= 1981 Cessnock state by-election =

Election result for Cessnock, New South Wales, Australia

A by-election for the seat of Cessnock in the New South Wales Legislative Assembly was held on 21 February 1981. The by-election was triggered by the resignation of Bob Brown to successfully contest the federal House of Representatives seat of Hunter at the 1980 election.

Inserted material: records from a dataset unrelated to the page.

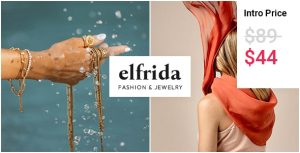 Elfrida fashion jewelry woocommerce theme gplpixel.jpg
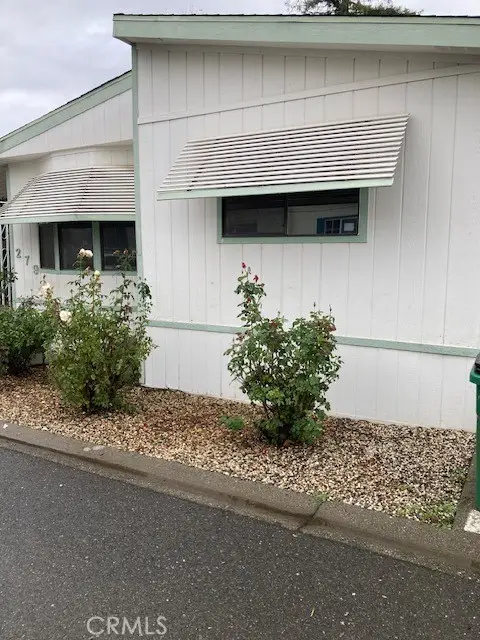701 E Lassen Avenue #279, Chico, CA 95973 - Image #1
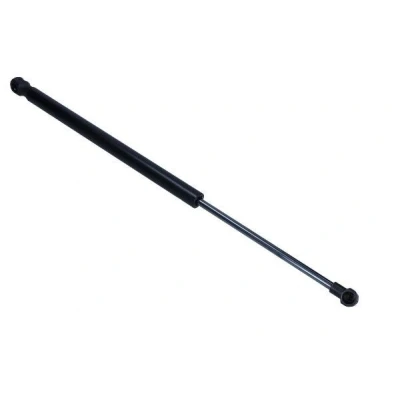 Kuva MAXGEAR 12 2148 Takaluukun Kaasujousi 320 459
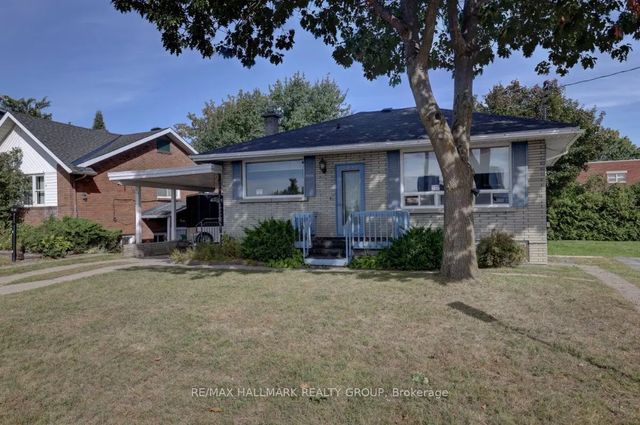 23 Wright Street, Overbrook - Castleheights and Area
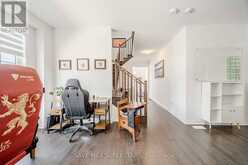 34 BANNISTER ROAD | Barrie Ontario | Slide Image Twelve
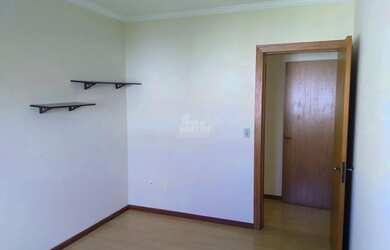 Imagem 15: APTO 2 DORM. C/SUÍTE SACADA CHURRASQUEIRA GARAGEM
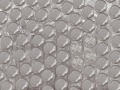 Joc Bubble Wrap Game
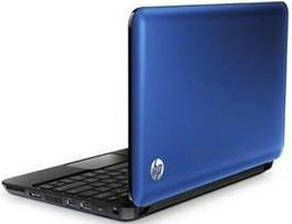HP Mini 110-3609TU Netbook (Atom 1st Gen/1 GB/250 GB/Windows 7)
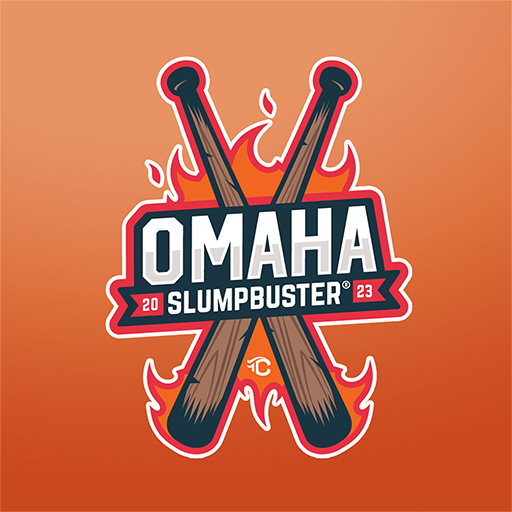 Omaha Slumpbuster Apps on Google Play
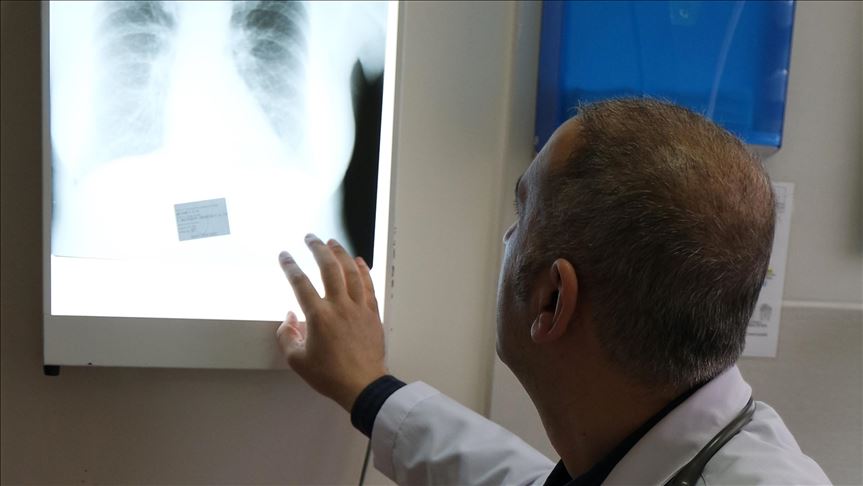 Od malignih bolesti na području HNK lani preminulo 467 osoba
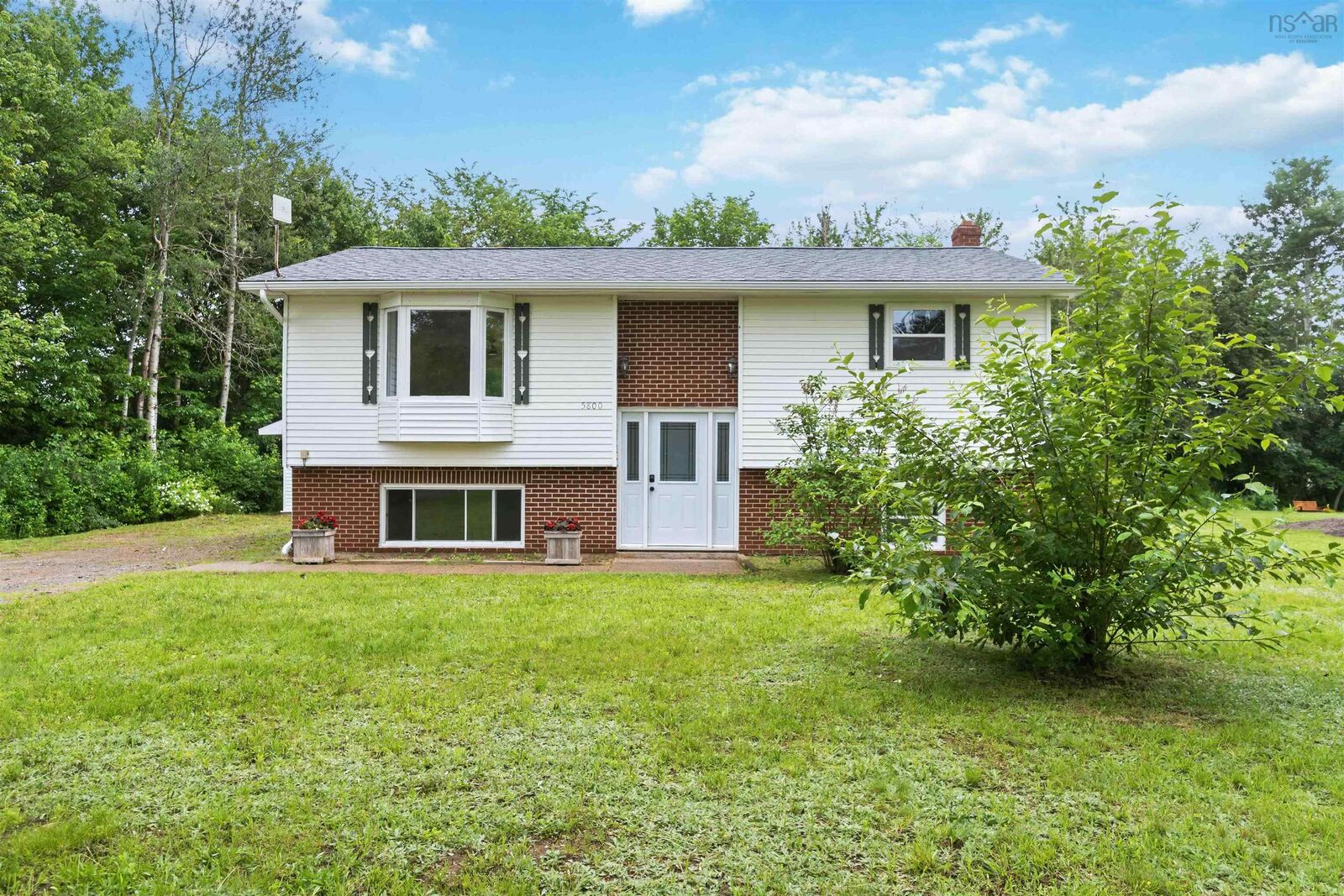 Property Photo:  5800 Highway 221  NS B0P 1G0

By-elections for the seats of Maitland, Oxley and Sturt were held on the same day.

==Dates==

| Date | Event |
|---|---|
| 22 January 1981 | Writ of election issued by the Speaker of the Legislative Assembly and close of electoral rolls. |
| 29 January 1981 | Close of nominations |
| 21 February 1981 | Polling day, between the hours of 8 am and 6 pm |
| 13 March 1981 | Return of writ |

==Results==

1981 Cessnock by-election Saturday 8 October
| Party |  | Candidate | Votes | % | ±% |
|---|---|---|---|---|---|
|  | Labor | Stan Neilly | 15,932 | 70.43 |  |
|  | Liberal | Colin Richardson | 3,911 | 17.29 |  |
|  | Democrats | Elisabeth Kirkby | 2,779 | 12.28 |  |
| Total formal votes |  |  | 22,622 | 98.91 |  |
| Informal votes |  |  | 250 | 1.09 |  |
| Turnout |  |  | 22,872 | 88.74 |  |
|  | Labor hold |  | Swing |  |  |

Bob Brown resigned to successfully contest the federal House of Representatives seat of Hunter.